Microsoft’s Azure Kinect AI Camera

noen · on July 12, 2019

I have 5 of these sitting in my office.

The quality of image (depth and rgb ) is staggering compared to everything else I've used (zed, realsense, kinect v2, and a couple of others).

They can be chained together for near microsecond timing accuracy.

The mic array is awesome. The IMU is awesome.

But right now I've set them all back in their boxes.

Why? Because without being a vision specialist, there's nothing I can do with these devices.

The SDK and sample code is so incredibly bare bones, it is almost laughable.

There's no way to make use of those mics for anything. Its literally not in the SDK.

There's no way to make use of multiple devices in any practical manner. No point cloud merging, no calibration or shared space alignment.

Then there's the problem that buries deep in the SDK is a binary blob that is the depth engine. No source, no docs, just a black box.

Also, these cameras require a BIG gpu. Nothing is seemingly happening onboard. And you're at best limited to 2 kinects per usb3 controller.

All that said, I'm still a very happy early adopter and will continue checking in every month or two to see if they've filled in enough critical gaps for me to build on top of.

If any devs in Seattle want to collaborate (or know computer vision well enough to fill in some of these gaps for the OSS community) let me know :)

wiremine · on July 12, 2019

> The SDK and sample code is so incredibly bare bones, it is almost laughable.

This is why I held off ordering a few. I took an hour looking through the docs and concluded the overall offering isn't fully baked yet. The hardware looks incredible, but the software looks anemic.

cyrux004 · on July 12, 2019

Why did you get 5?

noen · on July 12, 2019

One of the key features for me is the hardware chaining to make realtime PC merging easier to resolve. All of the scenarios I can about are realtime rather than post processing reconstruction.

novaleaf · on July 12, 2019

i would assume some full body mo-cap or realtime avatar scanning.

discordance · on July 12, 2019

I can line you up with many people working with them around Seattle if you're interested. Got a contact?

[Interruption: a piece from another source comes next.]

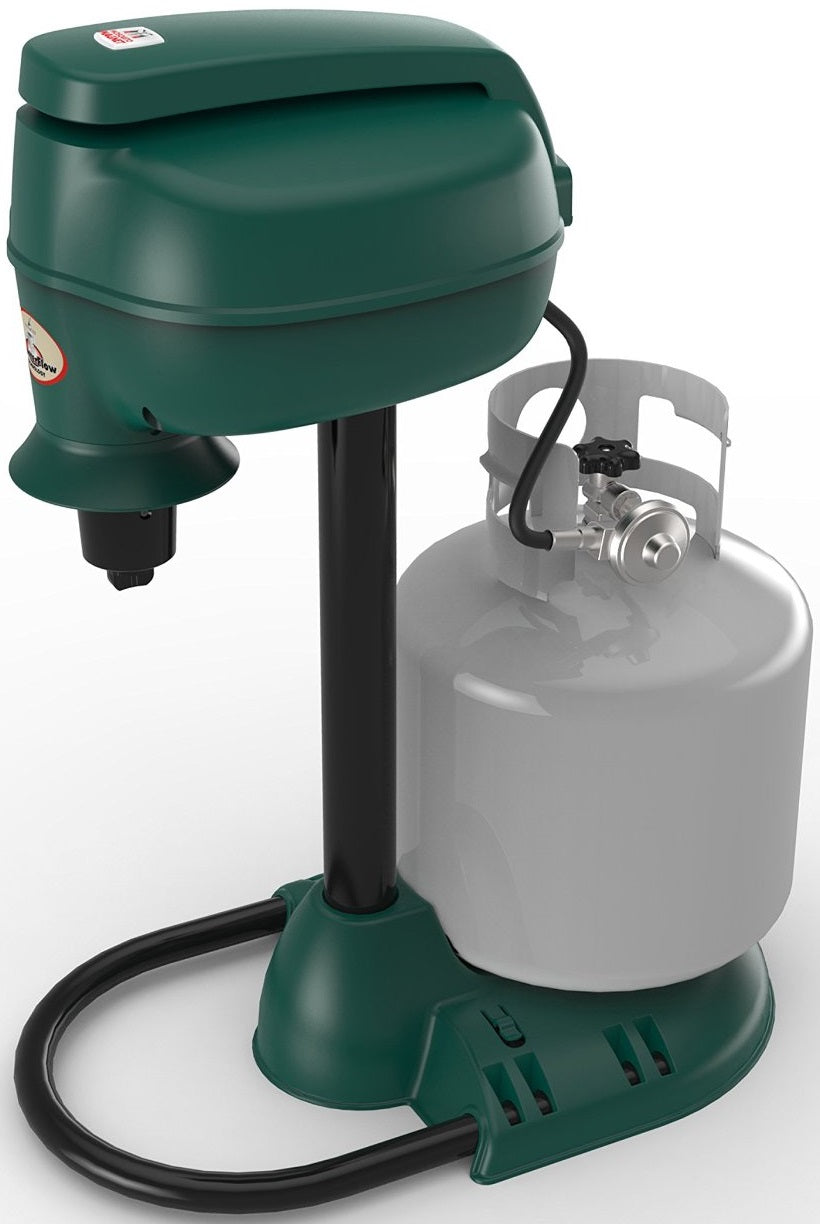 Mosquito deals magnet trap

artemisyna · on July 12, 2019

Ditto here, though some of these people might end up distracted by their full time jobs. ;)

noen · on July 12, 2019

I have a similar problem :) - azurekinect@gmail.com

noen · on July 12, 2019

Sure and thanks :) - azurekinect@gmail.com

shreezus · on July 12, 2019

I have one of these as well and exploring interesting use cases for the tech. If you don’t mind me asking, what do you have in mind for those?

jayd16 · on July 12, 2019

Can you still use the body tracking from previous kinects?

desdiv · on July 12, 2019

>The system requirements are Windows® 10 PC or Ubuntu 18.04 LTS...

I must say: I'm liking this new Microsoft.

[0] https://azure.microsoft.com/en-us/services/kinect-dk/

vinayan3 · on July 12, 2019

> 7th Generation Intel® Core™ i3 Processor (Dual Core 2.4 GHz with HD620 GPU or faster), USB 3.0 port, and 4 GB RAM.

Raspberry Pi or a Jetson Nano are probably not gonna work... Seems to be x86 only.

H8crilA · on July 12, 2019

Given Microsoft's stance on supporting "non-native" setups I think we should be expecting ARM Linux driver's if this device catches on.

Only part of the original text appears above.